## Problem to work on
What you should give back is a precise copy of the lines below from the one containing "Grand Nakhchivan Hotel Екстериор снимка" through the one containing "皆藤愛子さんのインスタグラム写真 - (皆藤愛子Instagram)「❤︎", with no pictures.

## Given information
Content starts

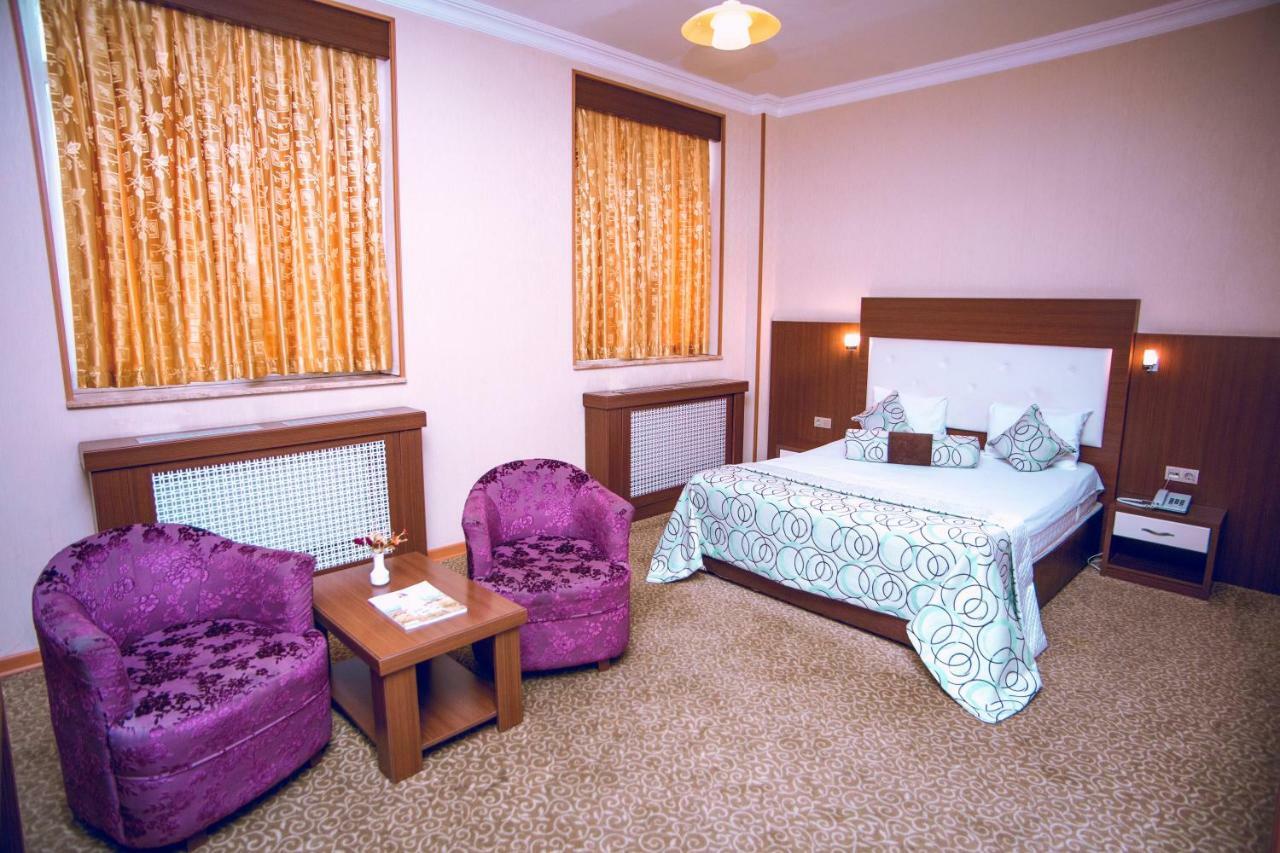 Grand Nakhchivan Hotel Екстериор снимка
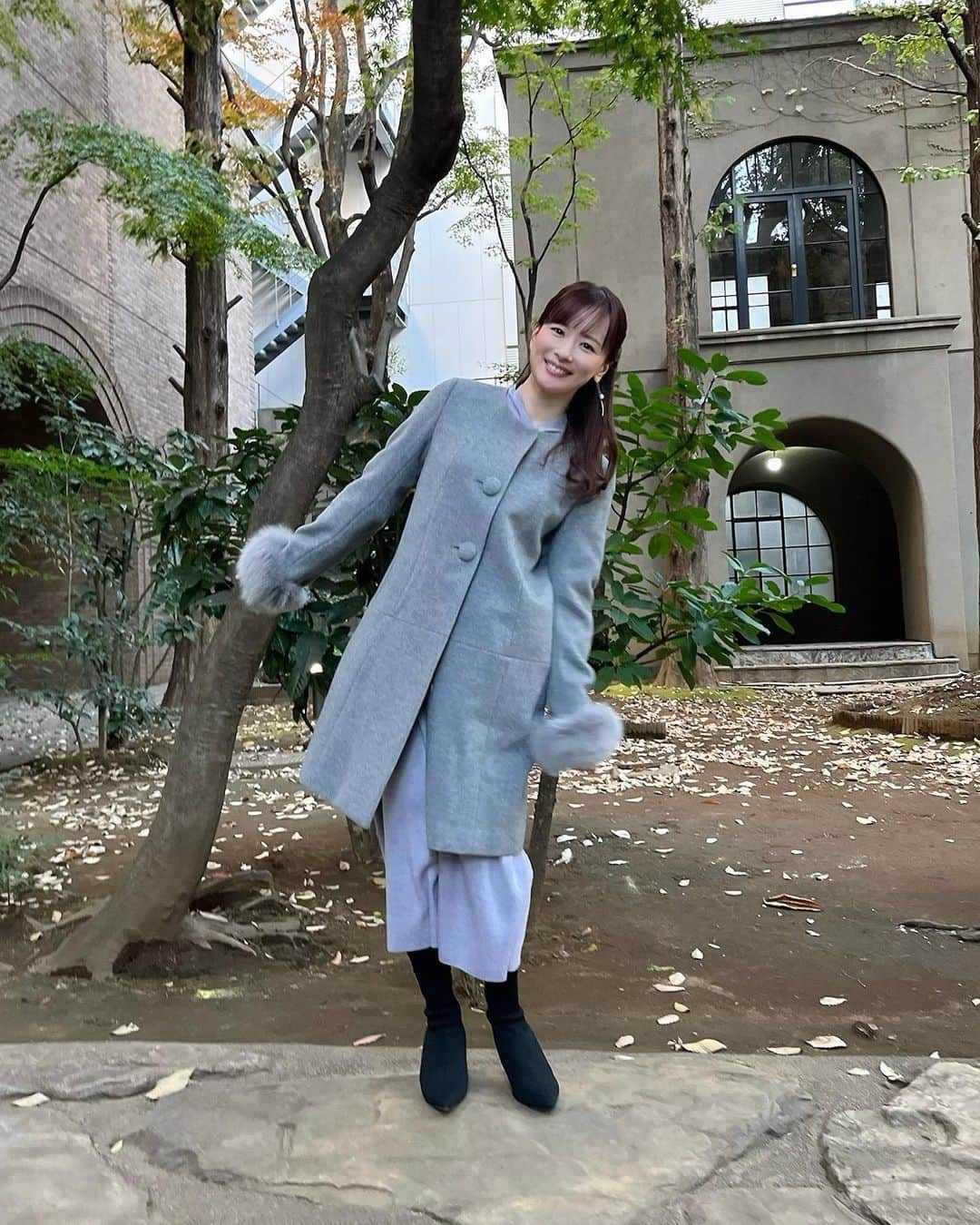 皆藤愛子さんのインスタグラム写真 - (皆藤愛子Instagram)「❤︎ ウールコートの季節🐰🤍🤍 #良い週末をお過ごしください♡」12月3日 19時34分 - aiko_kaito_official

Content ends
Content starts

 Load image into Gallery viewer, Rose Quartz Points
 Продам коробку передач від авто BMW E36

Content ends

## Exercise result
 Grand Nakhchivan Hotel Екстериор снимка
 皆藤愛子さんのインスタグラム写真 - (皆藤愛子Instagram)「❤︎ ウールコートの季節🐰🤍🤍 #良い週末をお過ごしください♡」12月3日 19時34分 - aiko_kaito_official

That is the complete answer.